→ WORK REQUIRED
Give the listing again word for word. Skip the pictures.
***** DATA SEGMENT *****
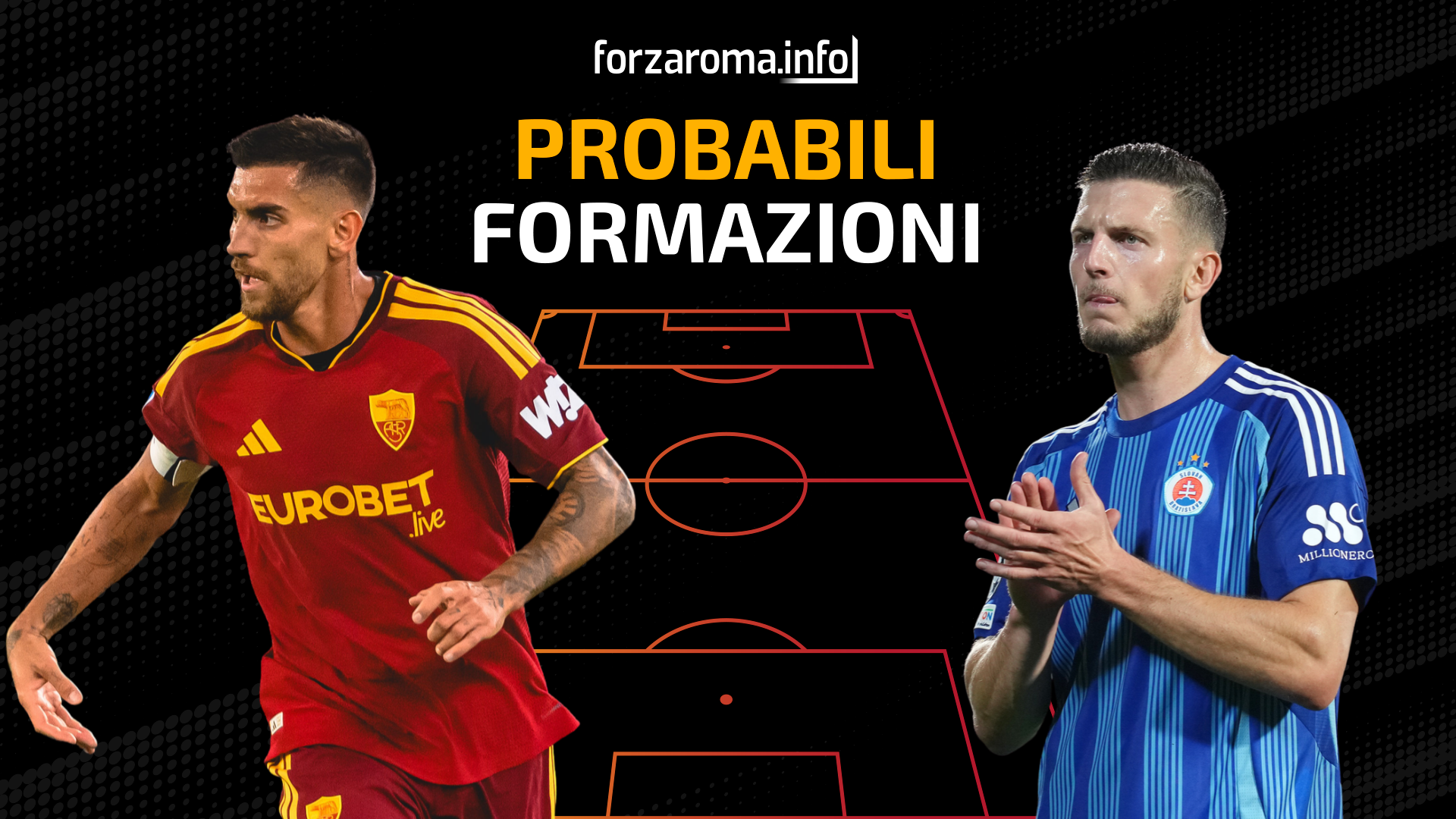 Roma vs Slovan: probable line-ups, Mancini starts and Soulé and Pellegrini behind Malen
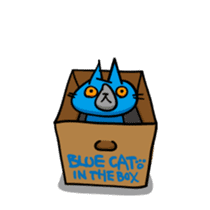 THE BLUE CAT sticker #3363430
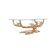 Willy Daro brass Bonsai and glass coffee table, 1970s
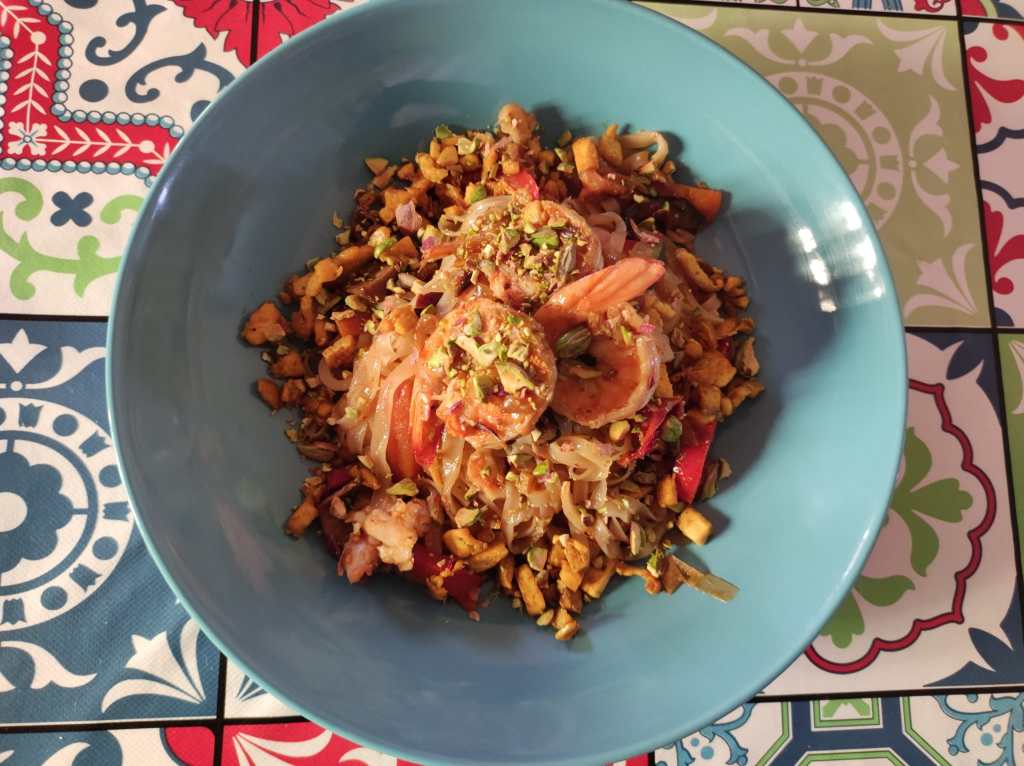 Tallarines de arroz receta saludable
*****
→ REPLY TO THE EXERCISE
 Roma vs Slovan: probable line-ups, Mancini starts and Soulé and Pellegrini behind Malen
 THE BLUE CAT sticker #3363430
 Willy Daro brass Bonsai and glass coffee table, 1970s
 Tallarines de arroz receta saludable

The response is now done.